[Opening Records for this task section]
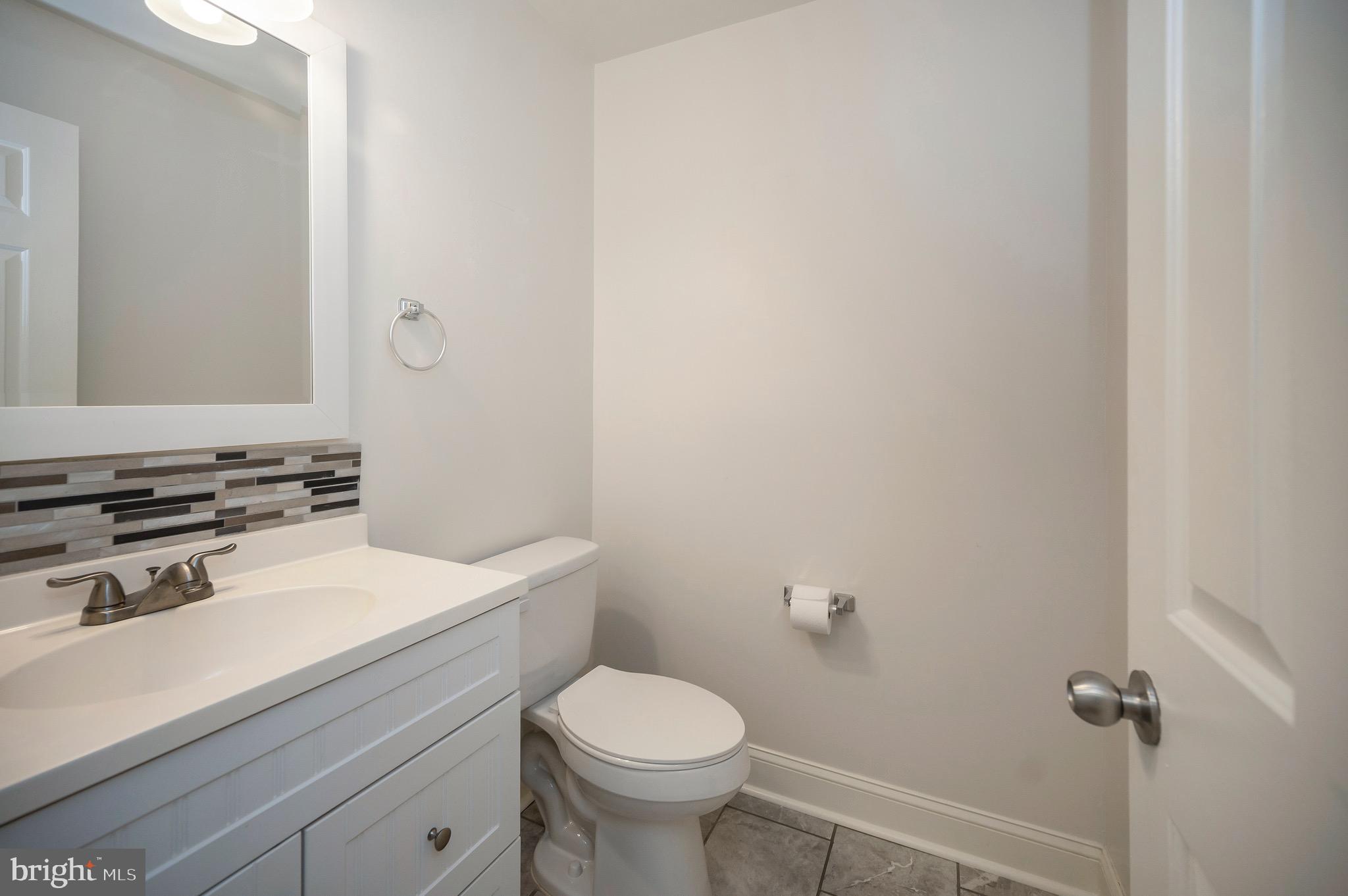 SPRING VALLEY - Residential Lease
[Closing Records for this task section]
[Opening Records for this task section]
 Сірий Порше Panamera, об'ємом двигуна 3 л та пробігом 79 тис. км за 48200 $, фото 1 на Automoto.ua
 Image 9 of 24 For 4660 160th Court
[Closing Records for this task section]
[Opening Records for this task section]
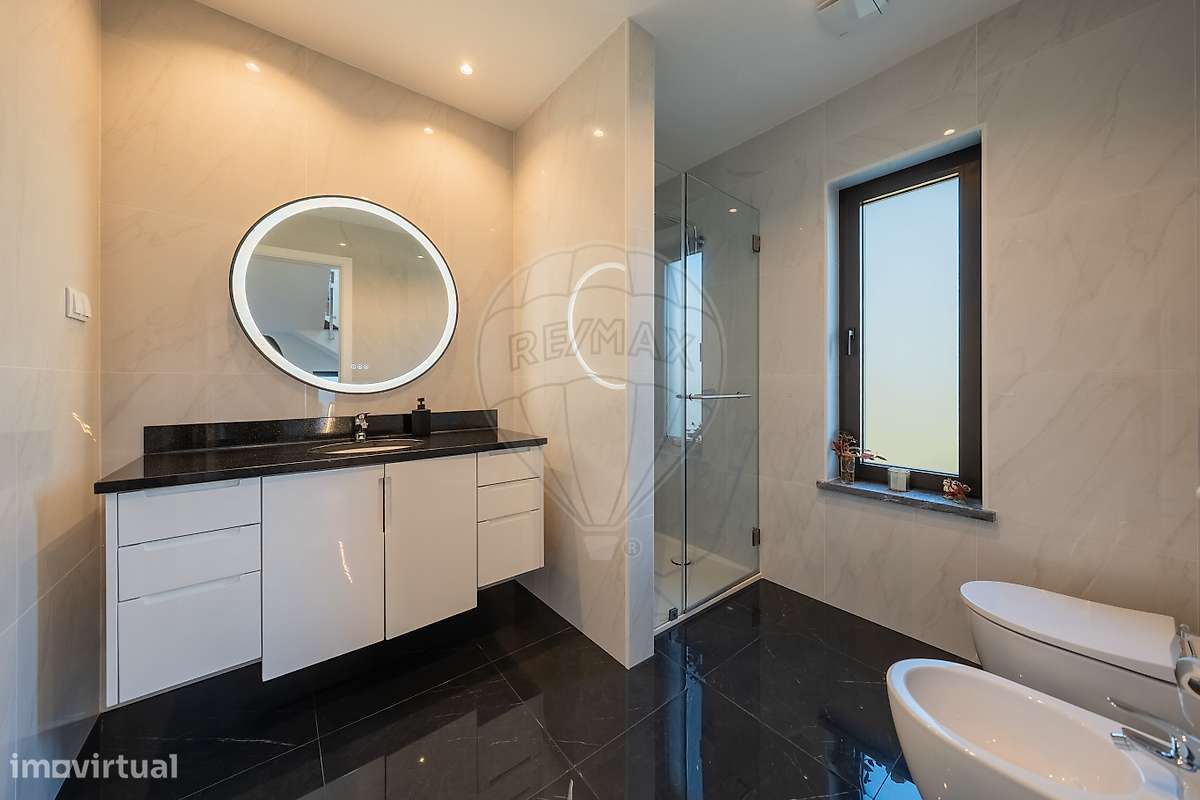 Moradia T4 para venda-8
[Closing Records for this task section]
▶ _Required action_
Print again the lines of the entries above that fall between the line holding "Сірий Порше Panamera, об'ємом" and the line holding "Image 9 of 24 For 4660 160th Court", inclusive, exactly as they stand.

▶ _Written answer_
 Сірий Порше Panamera, об'ємом двигуна 3 л та пробігом 79 тис. км за 48200 $, фото 1 на Automoto.ua
 Image 9 of 24 For 4660 160th Court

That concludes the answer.